“Praise humbles me,” Oscar Wilde said. “It is when I am abused that I know I have touched the stars.”

If so, I have definitely touched the stars this week.

I’ve been called more rude monosyllables than you could shake a stick at — well, not a really hefty stick.

“If you don't have anything nice to say, please, telephone Alexandra Petri at the Washington Post.”

I don’t know who put up the sign, but it clearly exists somewhere. It’s a variant of the other sign, carven in stone, that reads, “If you don’t have anything nice to say, you probably have a bright future in the 25-7 media cycle.”

I thought I was going to write about something dull and non-controversial today. My list of topics included, “Spanx,” and “isn’t foaming hand-soap great?”

But people kept calling. And tweeting. And e-mailing. And commenting.

Curt words of Anglo-Saxon origin are alive and well and sitting on my answering machine. Someone called me a [unprintable word that definitely isn’t “aunt”]. Then he repeated it, slowly, to make certain that I heard.

My favorite so far is a Web site that posted a picture of every readily available photo of me under the headline: Ew, gross: The Washington Post’s Alexandra Petri is really unattractive.

So, er, thank you for that. Fortunately, I was reared in the era where you were forced to develop massive, almost unbearable amounts of self-esteem to compensate for your total lack of marketable skills, so I feel fine about it. I always spoke highly of you, anonymous Internet person!

I wasn’t raised mean. My folks suggested that if I didn’t have anything nice to say, I not say anything at all. As a consequence, I spent most of my childhood in uninterrupted silence. It was like being in a Carthusian monastery, but with better access to hair-care products.

“Aw yeah,” I told my friends. “I’m going to get on cable news and I’m going to be so moderate and temperate that it’ll rock their worlds! They’ll turn to each other and say, ‘Who was that, Ralph? She was so POLITE! Get her a talk show!’”

“Don’t do that,” they said. “You will never be asked back.”

It turns out that politeness is something of a professional handicap. I’ve been doing my best to overcome it.

It’s so much better to be mean.

Find your choir. Preach to it. The meaner and louder the sermon, the better. If you carry your smartphone with you at all times, you never have to interact with anyone with whom you disagree. Instead, you can type derogatory thoughts about them into your personal echo chamber.

“You might like them once you get to know them,” everyone’s mother  always said. This is terrifying.

“I can’t get to know him!” we say. “What if I liked him? Then I  wouldn’t be able to send this rude tweet about him.”
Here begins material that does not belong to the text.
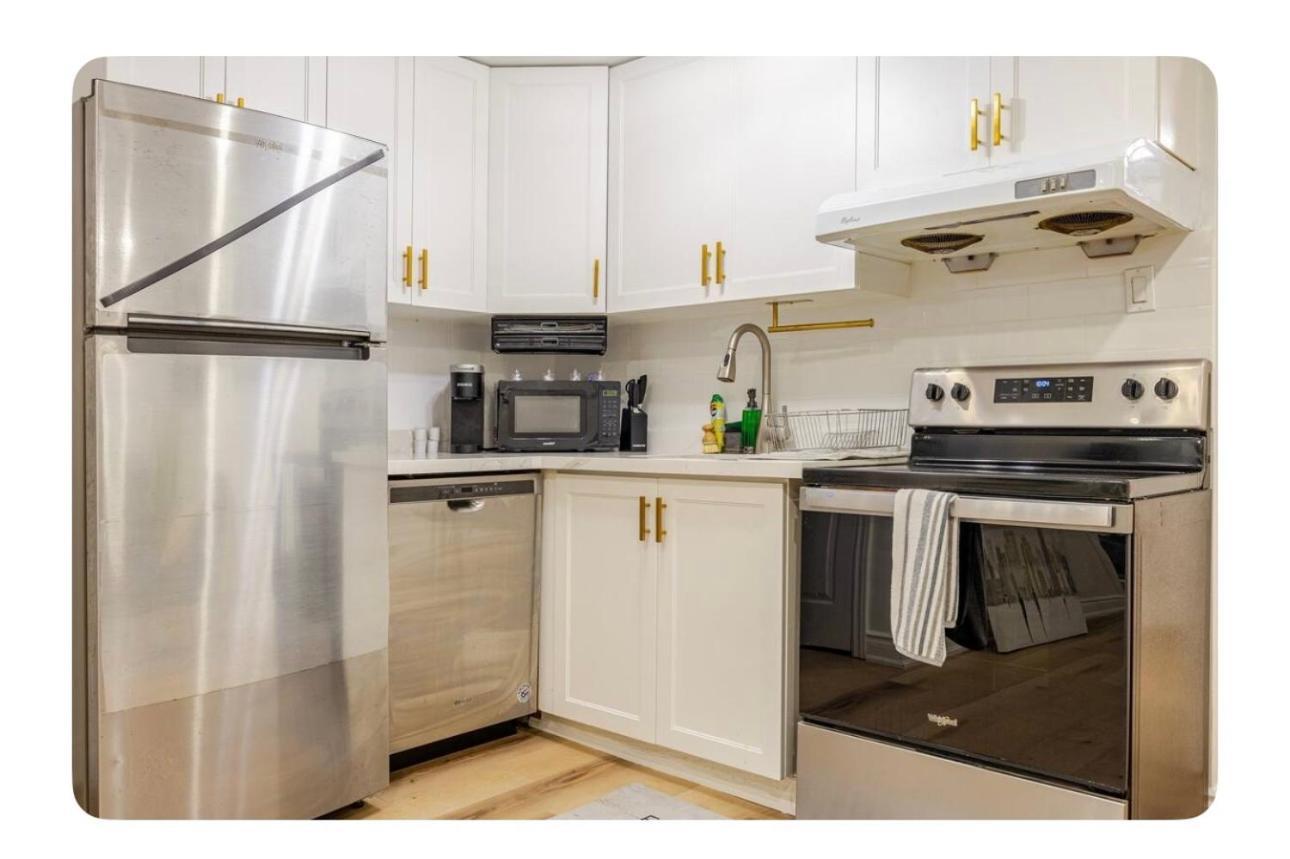 Luxurious 1000 Sq Ft Oasis Apartment Brampton Bagian luar foto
Politeness probably isn’t dead. If it were, we’d be dancing on its grave.

But old habits die hard. When people started dancing on Andrew Breitbart’s grave, I urged them to stop. When Kathy Griffin asked Michele Bachmann if she were born a bigot, or had, like, grown into it, I urged her not to. When a student tweeted rude things to Governor Sam Brownback, I tried to get her to stop. I did manage this week to imply that a few million people were jerks. But that was a fluke, and I’m still apologizing.
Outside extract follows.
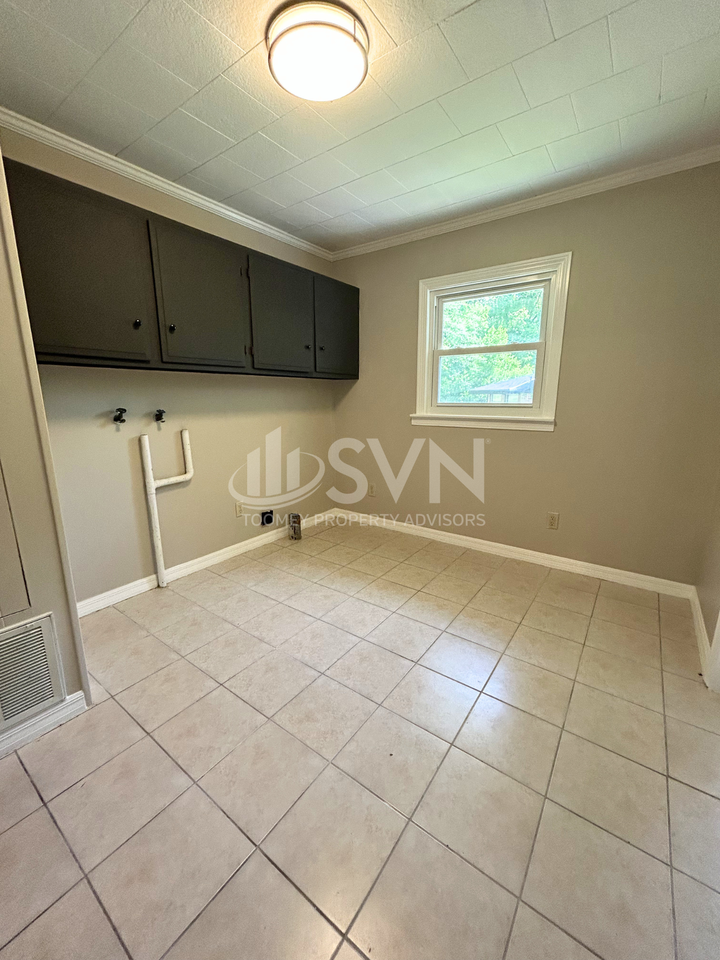 2905 Riverside Dr - Photo 5 of 16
Trying to be polite generally leads people to assume you are a septuagenarian with irritable bowels.

Maybe things have always been thus. The farther back I went, searching for a golden age of civility, the less sure I was that one existed.
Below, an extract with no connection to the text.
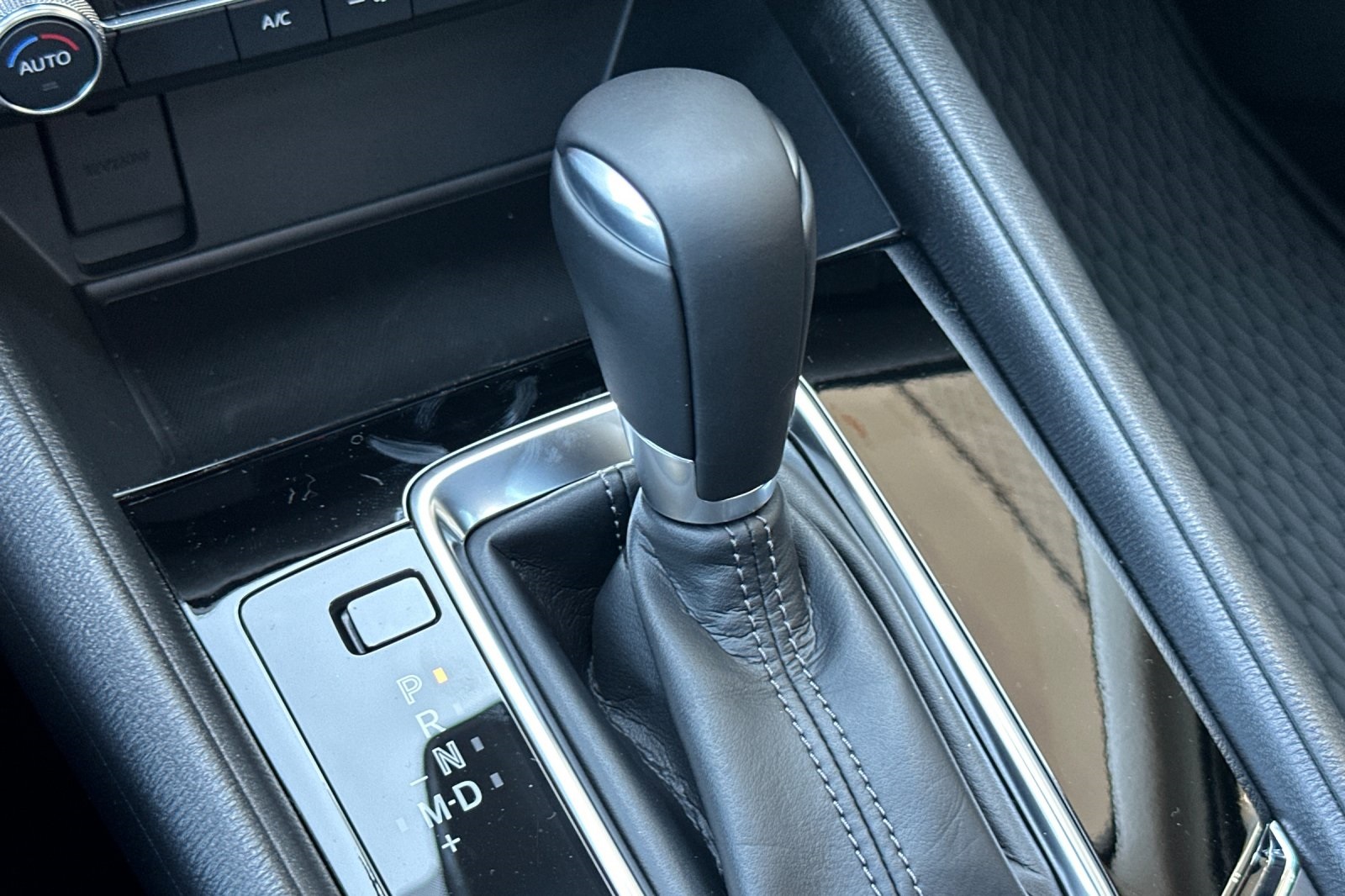 2025 Mazda CX-5 2.5 S Preferred photo 20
Oscar Wilde wrote in 1890 that, “I am afraid that writing to newspapers has a deteriorating influence on style. People get violent and abusive and lose all sense of proportion, when they enter that curious journalistic arena in which the race is always to the noisiest.” Not much has changed.

One of the odd laws of the Internet is that the more obscure and bizarre the site, the nicer the comments tend to be. Store some comments from a Respectable News Site, and they’ll eat through the container. Visit the comments area of an Livejournal community of people who enjoy writing erotic fiction about cat-men, and the comments are correctly spelled, very polite, and uniformly positive.

Maybe we should be more like those folks. Except for the, er, man-cat business.

“But no one would listen if everyone were polite!” everyone crows. “Yelling is the only way to make yourself heard!” Possibly. But have we ever tried the alternative?